Not sure why – the path is correct, the directory holds the expected 12,500 jpgs.

It seems like the get_batches isn’t finding anything, thus the divide by zero?

I’m wracking my brain but can’t think of any reasons why this is happening. Any advice would be greatly appreciated.

EDIT: strangely enough, after removing the +'test' from the path argument, all seems fine. I don’t think there’s anything wrong with my directory structure…but I suppose alls well that ends well…

janardhanp22 · December 11, 2016, 2:38am

Hi @mattobrien415

Have you created a directory named “unknown” under test directory and move all your test images under the directory called unknown ?
This might be resolution to ZeroDivisionError

mattobrien415 · December 11, 2016, 2:42am

Thanks for the response, @janardhanp22

No, I didn’t do that…I supposed I didn’t realize there was a point of putting it into an ‘unknown’ subdir. Why not just leave it in the ‘test’ dir?

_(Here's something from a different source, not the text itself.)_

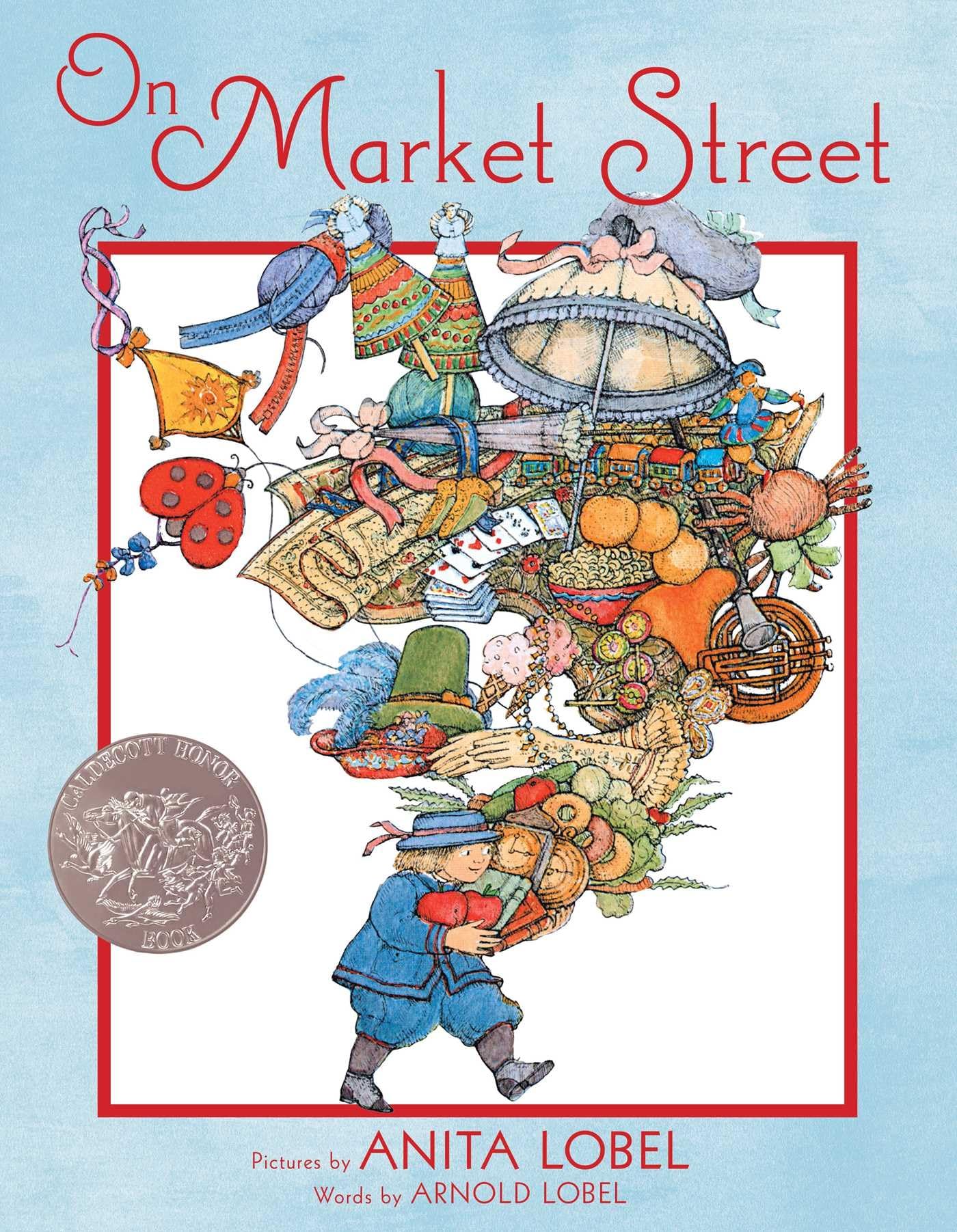 On Market Street,New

It looks like the unknown directory just contains all the test data anyway?

jeremy · December 11, 2016, 10:13pm

The issue @janardhanp22 is referring to is that keras’ generator needs to know what labels to use for the images. It uses the sub-directory structure for that. If you don’t have labels, you still need the folder structure.

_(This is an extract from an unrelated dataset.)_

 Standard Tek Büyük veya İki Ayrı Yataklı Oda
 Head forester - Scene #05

janardhanp22 · December 12, 2016, 6:16pm

Yes exactly what Jeremy explained. Keras is expecting a sub folder structure for labels.

complancoder · December 23, 2016, 9:09pm

So I am doing this on the Kaggle (dogs-vs-cats-redux-kernels-edition ) data set after I have segregated into proper files. I am running this on the samples
vgg = Vgg16()
sampleBatches = vgg.get_batches(path+‘train’, batch_size=4)
imgs,labels = next(sampleBatches)
plots(imgs, titles=labels)
vgg.predict(imgs, True)

result
(array([ 0.4618, 0.9563, 0.4123, 0.4945], dtype=float32),
array([237, 162, 258, 281], dtype=int64),
[u’miniature_pinscher’, u’beagle’, u’Samoyed’, u’tabby’])

Which is correct

mainBatches = vgg.get_batches(path+‘train’, batch_size=batch_size)
val_batches = vgg.get_batches(path+‘valid’, batch_size = batch_size)
vgg.finetune(mainBatches)
vgg.fit(mainBatches, val_batches, nb_epoch=1)

Result
Epoch 1/1
1125/1125 [==============================] - 622s - loss: 0.5411 - acc: 0.8640 - val_loss: 0.1199 - val_acc: 0.9760

Now if I do “vgg.predict(imgs, True)” again, I would expect the confidence to be higher and the result should be same right ?

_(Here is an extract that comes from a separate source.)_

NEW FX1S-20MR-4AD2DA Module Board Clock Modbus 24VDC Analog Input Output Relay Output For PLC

Instead I get this output .

(array([ 1. , 1. , 0.9995, 1. ], dtype=float32),
array([1, 1, 0, 0], dtype=int64),
[u’goldfish’, u’goldfish’, u’tench’, u’tench’])

What Am I doing wrong ?

jeremy · December 23, 2016, 10:11pm

It’s a little hard to see with your formatting there. Could you put all the relevant code into a gist (https://help.github.com/articles/about-gists/) so that we can see each step?

jdgough · January 2, 2017, 3:24am

Question, do you really pass your password in plain text as a command line argument?

My password has symbols that make the parsing of the command line command go haywire… Any insight?

rachel · January 4, 2017, 1:49am

@jdgough Put your password in single quotes

jingairpi · January 19, 2017, 11:40pm

Yes. This is a required step. Thanks for pointing it out!

geniusgeek · March 3, 2017, 5:36am

just upgrade setup tools using pip that worked for me

anthonys · April 4, 2017, 8:16pm

Thank you very much this fixed my issue!

It wasn’t clear we should be using single quotes,
as formatting the string with double quotes is accepted,
and then a common sense check of running kg config returns
the password as '****' with single quotes making it look like it was successful.

May I suggest this is added to documentation somewhere?